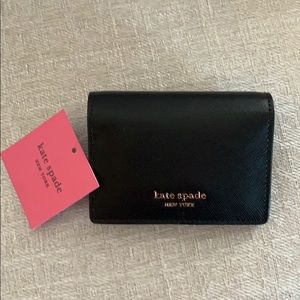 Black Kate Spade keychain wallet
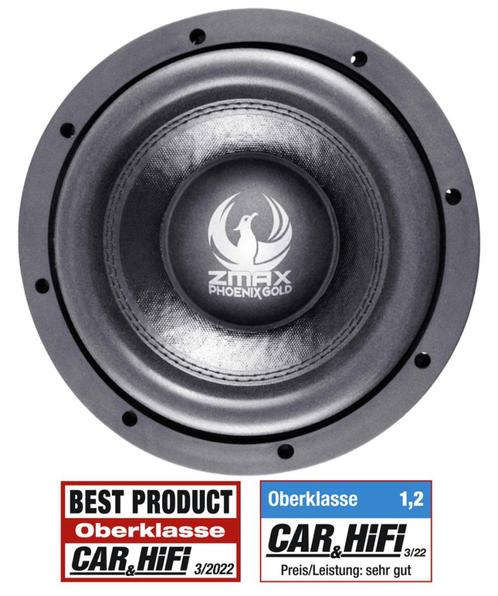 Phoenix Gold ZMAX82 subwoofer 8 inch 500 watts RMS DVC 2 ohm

--

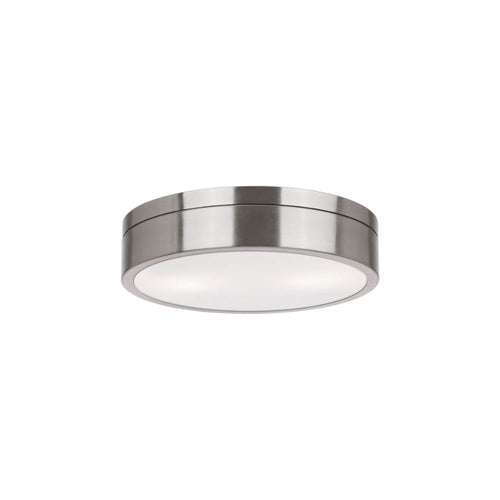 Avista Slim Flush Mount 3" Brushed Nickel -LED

• _TO DO_: Look above for the line with "Black Kate Spade keychain wallet", then print it and each line after it down to and including the line with "Phoenix Gold ZMAX82". Leave out the pictures and keep the wording exact.

• _EXPECTED OUTPUT_:
 Black Kate Spade keychain wallet
 Phoenix Gold ZMAX82 subwoofer 8 inch 500 watts RMS DVC 2 ohm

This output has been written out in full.